В начале 1946 года Н. А.Вознесенский, тогда председатель Госплана СССР, честно доложил товарищу Сталину о 15 млн боевых потерь, на что тот поморщился и 'согласился' только на 7 млн, которые и озвучил (судьба самого вестника неправильной статистики была, по обыкновению, печальна: 'Ленинградское дело', вышка). В 1956-м начальник ЦСУ СССР В. Н.Старовский докладывал ЦК о 'свыше 20 млн', после чего уже Хрущев глубоко задумался, но через 5 лет, в 1961 году, все-таки назвал эту цифру, но обошелся без словечка 'свыше' (Старовский не пострадал). Для того чтобы взять эту лингвистическую высоту — 'свыше', — понадобились еще 4 года и новый генсек. Возвращая народу День Победы в 1965-м в качестве праздника и выходного дня, Брежнев так и сказал: 'Война унесла более 20 миллионов жизней'.

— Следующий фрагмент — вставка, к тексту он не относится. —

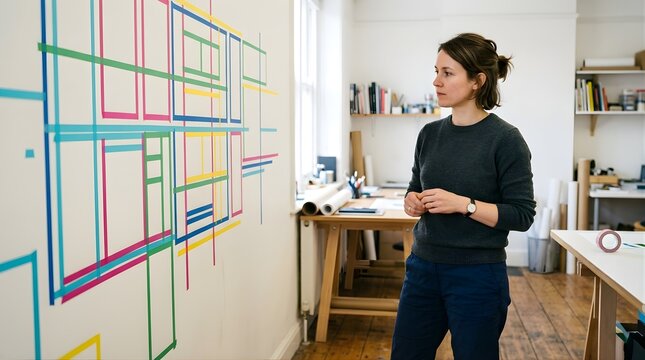 Woman architect looking at colored tape construction plan on office wall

Позднее с этим заново поработали демографы ЦСУ Е. М.Андреев, Л. Е.Дарский и Т.Л.Харькова, чья цифра (26,6 млн при опоре на перепись 1939 года и 26,0 млн, если опираться на 'репрессированную' товарищем Сталиным перепись 1937 года) была обнародована при Горбачеве и Горбачевым (1990), а потом получила почти каноническое признание при Ельцине, снова озвучившем ее в 1995 году, на 'своем' юбилее Победы.
„
В таком случае демографическая цена Победы — это 15–16% населения СССР, то есть каждый шестой!
Три четверти этих потерь — мужчины, из них более половины — военнообязанных возрастов.

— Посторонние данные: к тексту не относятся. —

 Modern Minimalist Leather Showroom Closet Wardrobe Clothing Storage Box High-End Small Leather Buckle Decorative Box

В расчетные 26,6 млн от ЦСУ, разумеется, не включена расчетная же величина естественной смертности за военные четыре с половиной года — это 11,9 млн человек: столько людей умерло бы, не будь никакой войны. Но если сложить эту как бы нормальную демографическую убыль с ценой Победы, не забыв при этом вычесть детскую сверхсмертность (а это 1,3 млн), то получится 37,2 млн. Запомним эту цифру.
Но общие потери — это всего лишь одна цифра, пусть и претендующая на то, чтобы быть или слыть итоговой (правильней все же оперировать 'ножницами' из минимально и максимально возможных значений: в нашем случае это были бы 26,0 и 26,6 млн человек).

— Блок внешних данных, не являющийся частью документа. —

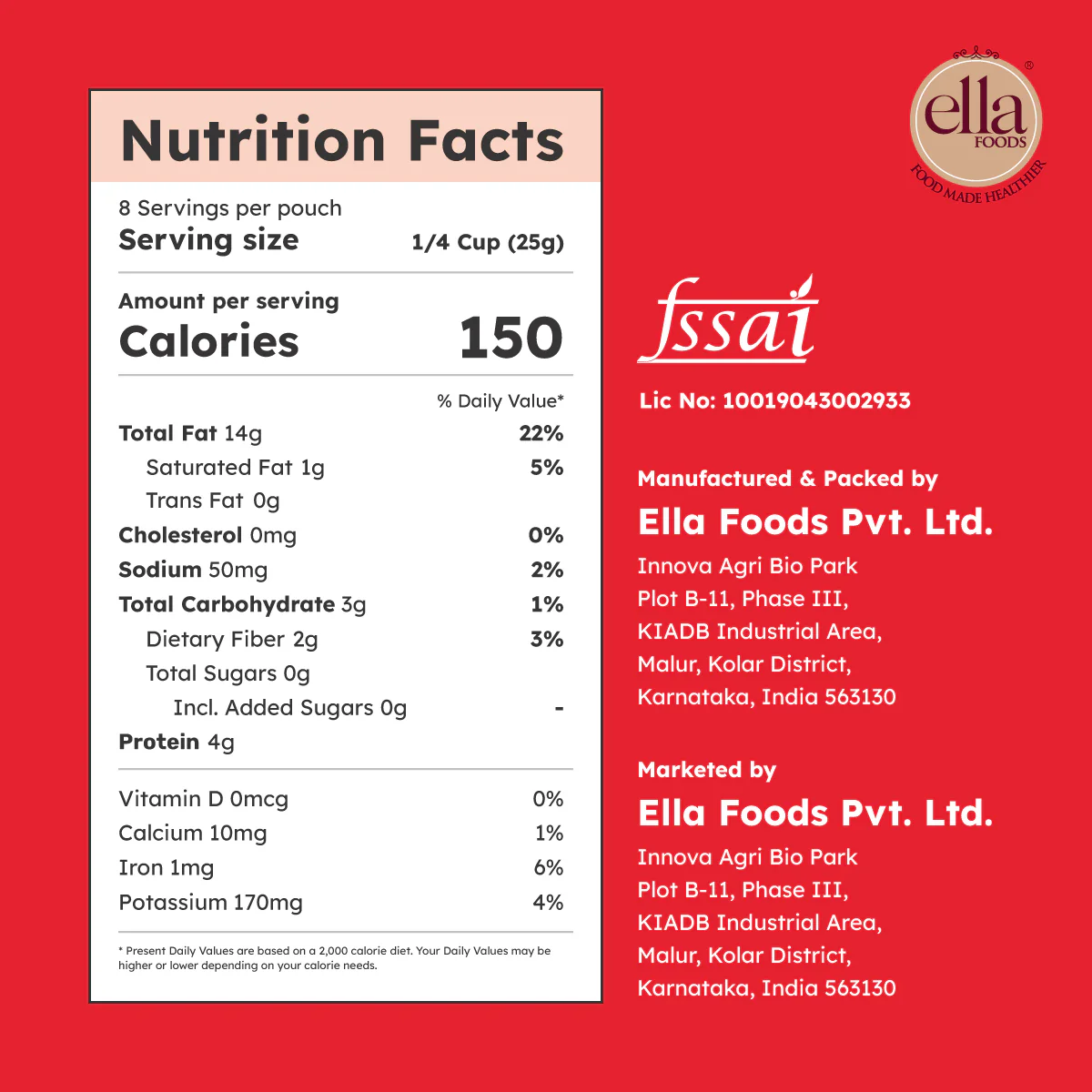 Ella Foods Chilli Lime Cashews 100g | Roasted Spicy & Tangy Cashew Snack | 40% Low Sodium | No Preservatives | 6-Month Shelf Life| Pack of 2 - Image 5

Но очень важно понять структуру общих потерь.
Ключевое основание деления тут, разумеется, соотношение между безвозвратными потерями военнослужащих РККА и приравненных к ним контингентов (например, войск НКВД) с одной стороны и потерями гражданского населения с другой.
Рассчитываемые каждое по отдельности, в сумме они должны были биться с общим итогом, что бросало в трепет статистиков и горячило государственных идеологов — идеологов и пропагандистов. Что ж, еще раз вернемся назад.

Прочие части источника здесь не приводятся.